Task instructions >>
Beneath this line is the data. Output exactly the lines from the line with "Obraz premium Halftone" to the line with "Oia Commercial Grade", both ends included, and nothing more.

╔══

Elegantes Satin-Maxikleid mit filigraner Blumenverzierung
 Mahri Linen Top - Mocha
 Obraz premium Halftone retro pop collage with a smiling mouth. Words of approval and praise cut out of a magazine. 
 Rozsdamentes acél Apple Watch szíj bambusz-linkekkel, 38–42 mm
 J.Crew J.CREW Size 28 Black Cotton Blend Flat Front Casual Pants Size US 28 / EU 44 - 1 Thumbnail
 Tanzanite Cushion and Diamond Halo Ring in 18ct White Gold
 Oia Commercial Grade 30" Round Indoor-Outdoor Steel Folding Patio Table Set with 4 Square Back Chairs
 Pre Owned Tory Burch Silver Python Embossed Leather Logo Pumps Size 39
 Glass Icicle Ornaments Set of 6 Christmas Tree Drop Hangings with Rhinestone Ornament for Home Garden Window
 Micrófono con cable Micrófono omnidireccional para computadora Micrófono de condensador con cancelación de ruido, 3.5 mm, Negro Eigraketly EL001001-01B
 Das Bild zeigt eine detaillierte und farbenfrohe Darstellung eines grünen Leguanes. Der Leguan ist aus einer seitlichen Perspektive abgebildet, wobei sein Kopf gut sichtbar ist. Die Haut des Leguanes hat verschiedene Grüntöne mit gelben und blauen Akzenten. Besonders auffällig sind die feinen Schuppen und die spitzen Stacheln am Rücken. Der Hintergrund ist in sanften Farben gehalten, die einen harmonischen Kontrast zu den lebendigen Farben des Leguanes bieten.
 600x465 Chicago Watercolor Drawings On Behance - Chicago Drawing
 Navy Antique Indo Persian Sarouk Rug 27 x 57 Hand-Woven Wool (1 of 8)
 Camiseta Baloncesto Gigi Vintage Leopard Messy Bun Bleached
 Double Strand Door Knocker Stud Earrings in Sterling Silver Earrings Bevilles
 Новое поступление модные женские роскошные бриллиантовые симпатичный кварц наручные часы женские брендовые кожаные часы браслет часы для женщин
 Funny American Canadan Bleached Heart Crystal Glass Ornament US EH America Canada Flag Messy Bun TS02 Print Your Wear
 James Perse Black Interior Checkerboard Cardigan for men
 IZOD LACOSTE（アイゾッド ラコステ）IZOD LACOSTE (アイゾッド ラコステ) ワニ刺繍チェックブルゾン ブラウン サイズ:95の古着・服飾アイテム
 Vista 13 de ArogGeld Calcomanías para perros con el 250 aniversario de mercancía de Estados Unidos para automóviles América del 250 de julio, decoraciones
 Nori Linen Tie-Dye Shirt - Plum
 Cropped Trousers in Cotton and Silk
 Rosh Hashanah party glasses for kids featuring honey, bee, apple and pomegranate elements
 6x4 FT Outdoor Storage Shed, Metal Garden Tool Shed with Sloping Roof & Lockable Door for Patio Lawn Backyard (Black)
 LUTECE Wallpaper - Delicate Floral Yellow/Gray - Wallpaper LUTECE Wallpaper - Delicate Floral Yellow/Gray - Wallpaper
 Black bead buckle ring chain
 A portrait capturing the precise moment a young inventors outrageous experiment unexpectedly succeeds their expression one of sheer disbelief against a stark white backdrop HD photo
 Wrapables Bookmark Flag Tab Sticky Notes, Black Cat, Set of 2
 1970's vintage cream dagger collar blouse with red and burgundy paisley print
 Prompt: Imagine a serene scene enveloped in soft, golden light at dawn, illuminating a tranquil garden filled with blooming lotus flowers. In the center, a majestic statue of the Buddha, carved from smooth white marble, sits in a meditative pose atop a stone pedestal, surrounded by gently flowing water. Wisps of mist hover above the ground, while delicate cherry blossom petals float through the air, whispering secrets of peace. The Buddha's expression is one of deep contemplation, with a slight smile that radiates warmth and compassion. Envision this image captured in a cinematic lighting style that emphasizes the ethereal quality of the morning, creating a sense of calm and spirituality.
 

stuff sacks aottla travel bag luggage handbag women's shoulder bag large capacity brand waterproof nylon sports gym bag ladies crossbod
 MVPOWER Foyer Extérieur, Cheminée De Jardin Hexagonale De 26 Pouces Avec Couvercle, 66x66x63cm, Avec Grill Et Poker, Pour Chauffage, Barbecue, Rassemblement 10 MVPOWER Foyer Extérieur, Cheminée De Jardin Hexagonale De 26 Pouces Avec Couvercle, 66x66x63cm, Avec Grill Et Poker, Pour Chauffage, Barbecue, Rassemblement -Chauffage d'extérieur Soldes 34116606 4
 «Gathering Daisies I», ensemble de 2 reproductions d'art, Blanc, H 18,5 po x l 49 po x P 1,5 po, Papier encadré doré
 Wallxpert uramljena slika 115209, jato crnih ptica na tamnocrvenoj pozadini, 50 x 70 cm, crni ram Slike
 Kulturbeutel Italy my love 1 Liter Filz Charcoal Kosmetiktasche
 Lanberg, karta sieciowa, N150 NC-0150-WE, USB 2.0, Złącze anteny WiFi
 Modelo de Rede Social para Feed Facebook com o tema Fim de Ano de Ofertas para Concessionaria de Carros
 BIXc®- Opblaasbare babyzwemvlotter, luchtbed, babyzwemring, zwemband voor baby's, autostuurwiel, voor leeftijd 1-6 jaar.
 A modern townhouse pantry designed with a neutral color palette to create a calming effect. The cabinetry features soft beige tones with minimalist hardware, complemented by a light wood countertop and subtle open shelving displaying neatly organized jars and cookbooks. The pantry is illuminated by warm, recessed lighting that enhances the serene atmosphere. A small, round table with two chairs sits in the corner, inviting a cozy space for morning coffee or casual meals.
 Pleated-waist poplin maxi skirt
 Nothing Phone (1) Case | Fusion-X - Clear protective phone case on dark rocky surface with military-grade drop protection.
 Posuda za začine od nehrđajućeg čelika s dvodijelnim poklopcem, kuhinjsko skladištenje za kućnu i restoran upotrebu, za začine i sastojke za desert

╚══

Task solution >>
 Obraz premium Halftone retro pop collage with a smiling mouth. Words of approval and praise cut out of a magazine. 
 Rozsdamentes acél Apple Watch szíj bambusz-linkekkel, 38–42 mm
 J.Crew J.CREW Size 28 Black Cotton Blend Flat Front Casual Pants Size US 28 / EU 44 - 1 Thumbnail
 Tanzanite Cushion and Diamond Halo Ring in 18ct White Gold
 Oia Commercial Grade 30" Round Indoor-Outdoor Steel Folding Patio Table Set with 4 Square Back Chairs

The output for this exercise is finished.